Evidemment la copine de Nick veut qu’il arrête avant qu’il se tue à son tour, mais quand la veuve de son frère lui donne sa moto, un superbe prototype sur lequel son frère a travaillé pendant des années, Nick est prêt à faire tous les sacrifices pour montrer qu’avec la bonne moto, lui aussi peut y arriver !

Le triomphe inattendu de Rocky (1976) aura inspiré beaucoup de films autour de la passion du sport et du dépassement de soi. Cette version motorisée deux roues a au moins le mérite de mettre en scène un sport nettement moins filmé que la boxe ! Dans le cinéma britannique, j’ai en tête surtout l’étrange « Once a Jolly Swagman » (1949) sur les courses de speedway dans le Londres d’après-guerre.

S’il marche donc sur les traces de « Rocky », reste que « Silver Dream Machine » a bien été oublié. Mais est-ce mérité ? Le trio principal est sympathique et le cadre original, mais ça ne suffit pas à faire un bon film. « Silver Dream Machine » est mal rythmé et la photographie est parfois douteuse (c’est quoi ces scintillements et ce flou dans plusieurs scènes ?). Quant aux courses, elles sont filmées correctement (et profitent notamment du British Grand Prix de 1979) mais sans génie, et surtout les inserts studios ou la présence d’un mannequin lors de l’accident sont bien trop visibles.

L’histoire d’amour entre Nick et Julie est plate, comme la rivalité entre Nick et Bruce McBride. Il faut dire que pour le champion américain, Nick est juste un vermisseau. Bref pas de quoi se prendre la tête, même quand il perd Julie qui s’en va dans les bras de Nick.  D’ailleurs je n’ai pas vraiment compris pourquoi Julie s’intéresse à Nick, un looser et un garçon pas toujours agréable, voire « un petit peu » sexiste. La dynamique entre les personnages n’est pas vraiment là. Et pourtant avec ses 111 minutes au compteur, le film prend son temps pour poser l’histoire.

En tête du casting, on retrouve le chanteur David Essex qui avait déjà fait une apparition remarquée au cinéma en incarnant le rockeur Jim MacLaine dans « That’ll Be the Day » (1973) et sa suite « Sardust » (1974). Il tente ici à nouveau sa chance mais Nick est loin d’avoir l’épaisseur d’un Jim. A ses côtés on retrouve l’actrice Cristiana Raines (« Nashville », « The Duellists » ou encore « The Sentinel »), Beau Bridges (qui avait déjà à son actif un beau palmarès à la télé et au cinéma en tant que second rôle) et l’acteur afro-américain installé à Londres, Clarke Peters (dont c’était la deuxième apparition à l’écran).

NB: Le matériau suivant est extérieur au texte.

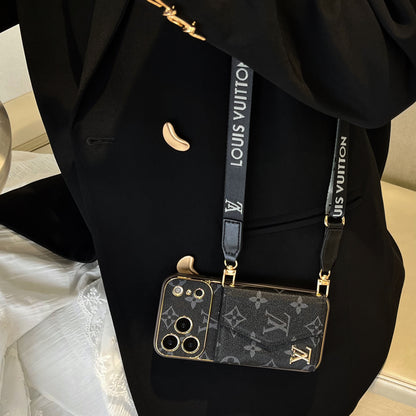 Luxury Monogram iPhone Case With Card Holder And Strap For iPhone 17 Series-CYLV002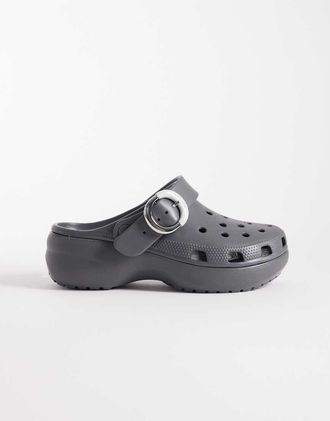 Crocs Classic - Zoccoli neri con plateau e fibbia-Nero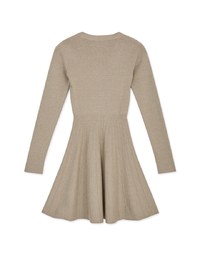 V-Neck Button Hem Knit Mini Dress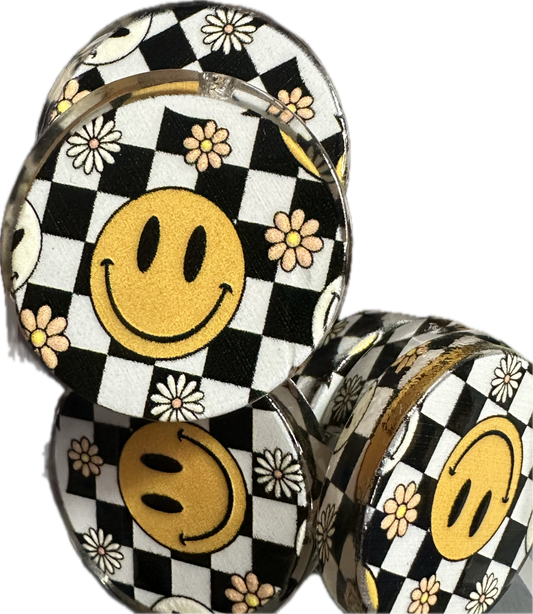 Smiley face checkered acrylic focal bead- set of 2/ focal bead/ pen beading / keychain bead/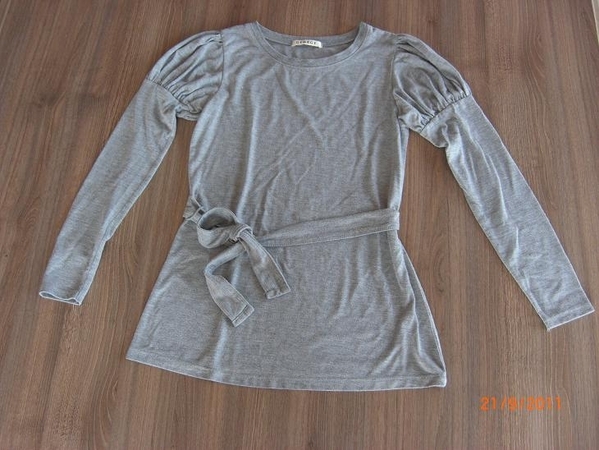 Сива памучна блуза GEORGE тип туника с буфан ръкав (S) FEMININE_CIMG1956.JPG Big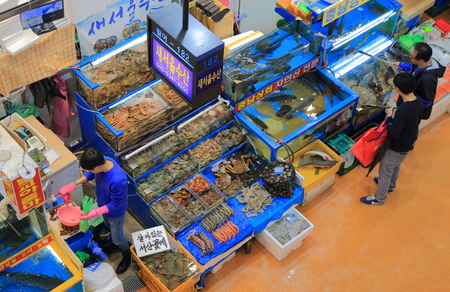 Seoul South Korea  October 23, 2016: Unidentified people visit Noryanging fisheries wholesale market. Noryanging fisheries wholesale market is one of Korea's largest seafood markets opened in 1929のeditorial素材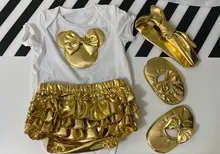Conjuntos de ropa para bebé niña, Pelele de manga corta con estampado de Minnie + Pantalones de PP + turbante + zapatos 4 Uds. Niña recién nacida mono dorado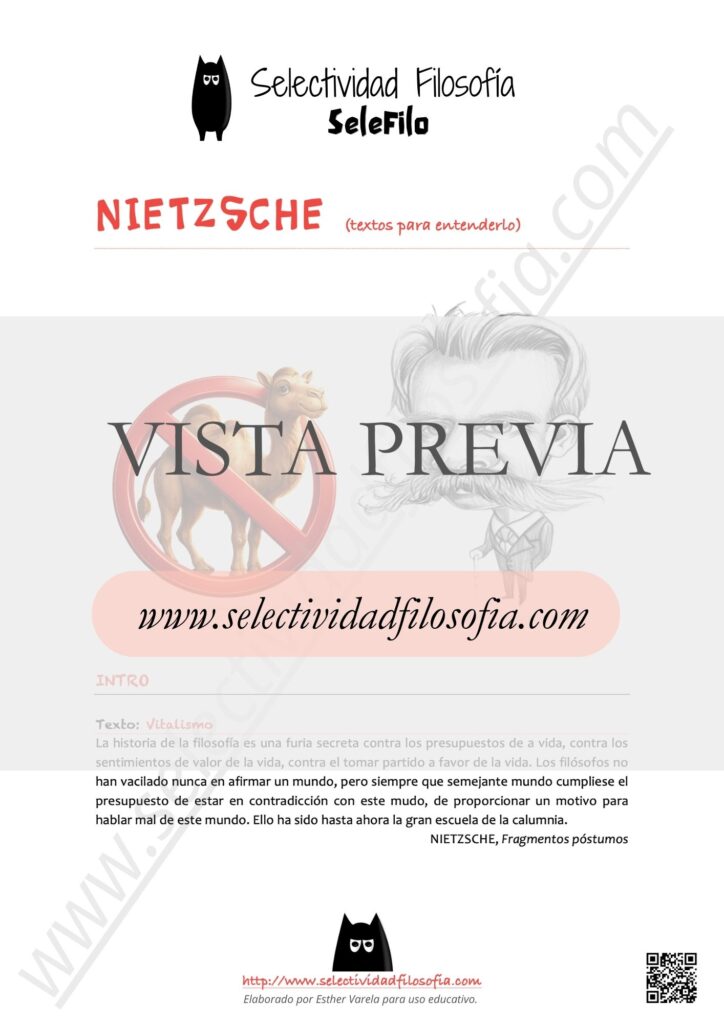Vista previa de ficha de Batería de textos del filósofo Nietzsche con idea resumen de cada uno de ellos, para los exámenes PAU y PCE de Filosofía. Descargable en botón inferior. De Esther Varela, SeleFilo.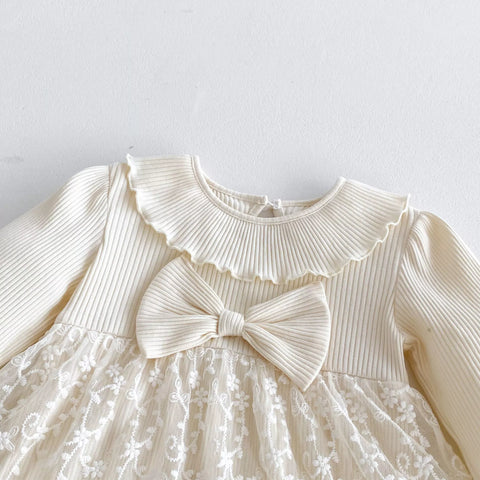 2 pc Baby Girl Spring Lace Overlay Bodysuit Dress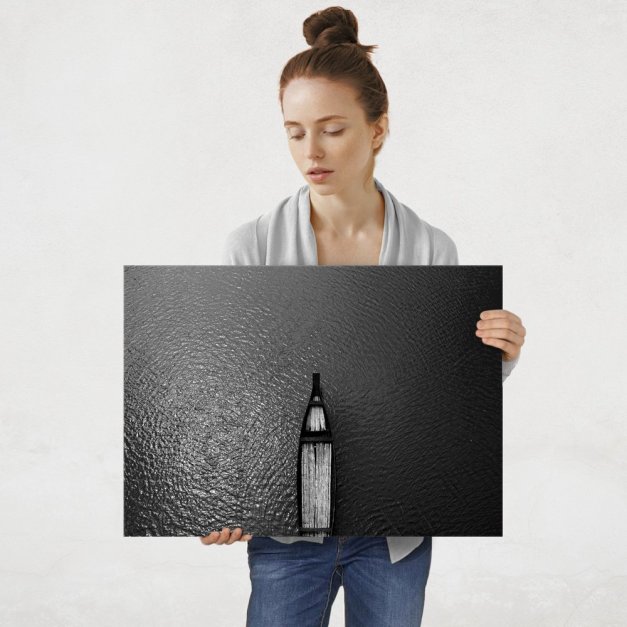 Plakat metalowy dryfująca łódka L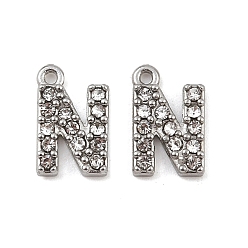 Letter N 304 из нержавеющей стали амулеты горный хрусталь, цвет нержавеющей стали, Письмо N, 9.5x6x2, отверстие : 1 мм
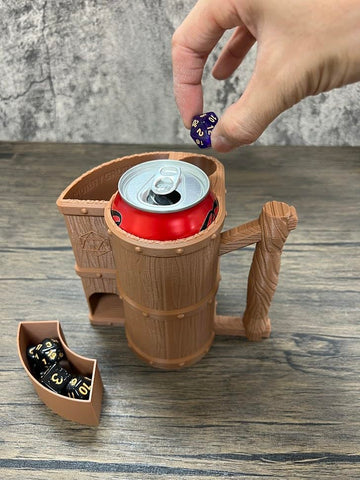 Munnygrubbers - Mug Dice Tower - No Paint Odorless Insulated Cup Can Dice Tower - (Random 7Pcs D20 Dice Set Included) - Dice Jail - Dice Holder - Dungeons And Dragons - Dnd Gift - (Brown)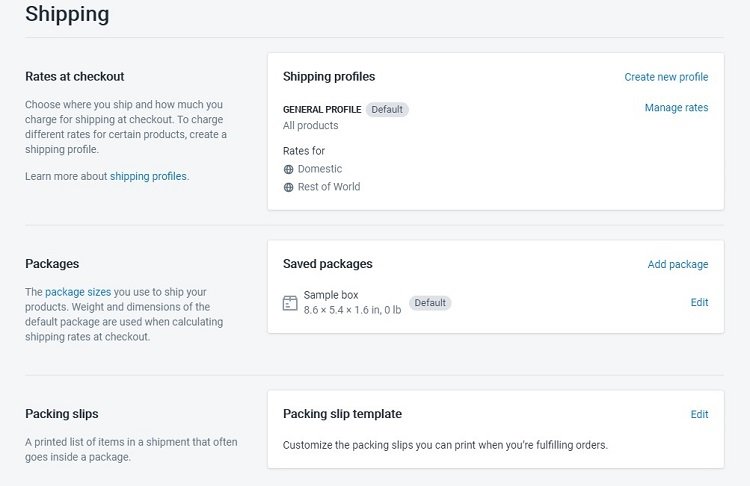 Setting up Shopify store shipping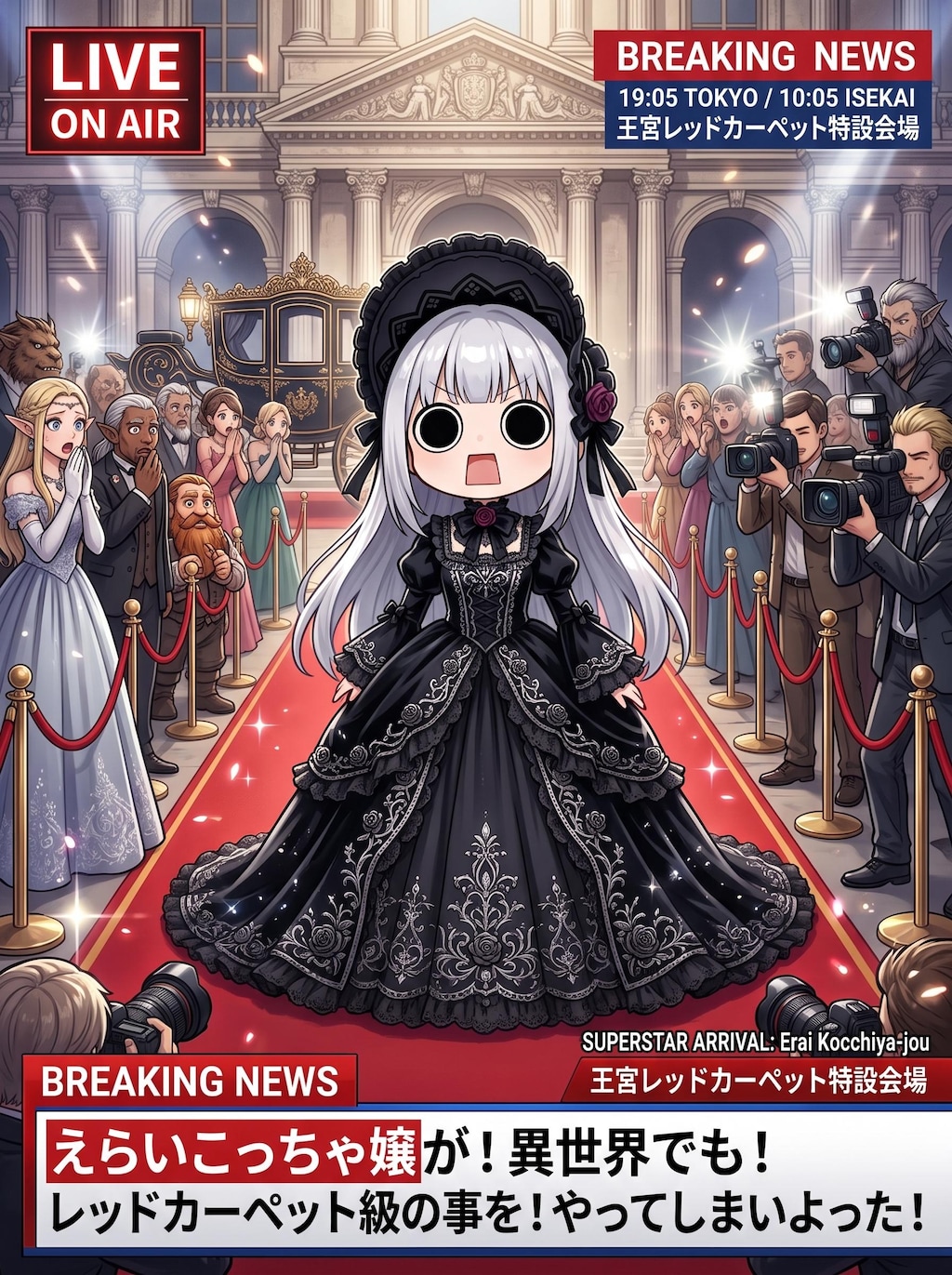 異世界でレッドカーペットを歩いてしまいよったえらいこっちゃ嬢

Le réalisateur anglais David Wickes a surtout travaillé à la télévision britannique avec seulement deux réalisations pour le cinéma : « Sweeney » (1977), adaptation d’une série crimnelle télé à succès, et donc « Silver Dream Machine ». Sa réalisation la plus connue reste le téléfilm de prestige en deux parties « Jack L’éventreur » (1988) avec Michael Caine.

Malgré ses multiples défauts, « Silver Dream Machine » n’est quand même pas une catastrophe, notamment grâce à son casting sympathique, et l’éditeur Network vient de le ressortir en blu-ray avec la fin d’origine – et ça ne se finit pas très bien pour notre Jim. Une fin bien plus convaincante et marquante que l’happy-end, monté pour le public américain, présent dans les bonus – deux minutes en moins mais qui changent tout !

On pourra conseiller « Silver Dream Machine » aux amateurs de sports mécaniques et aux fans des années 80 (la pop de David Essex qui interprète quelques morceaux dans la B.O du film colle bien avec l’ambiance du film). Le tout est désuet mais pas désagréable.

Blu-ray UK. Studio Network (2017). Version régionale avec des sous-titres anglais. Bonus : fin alternative US.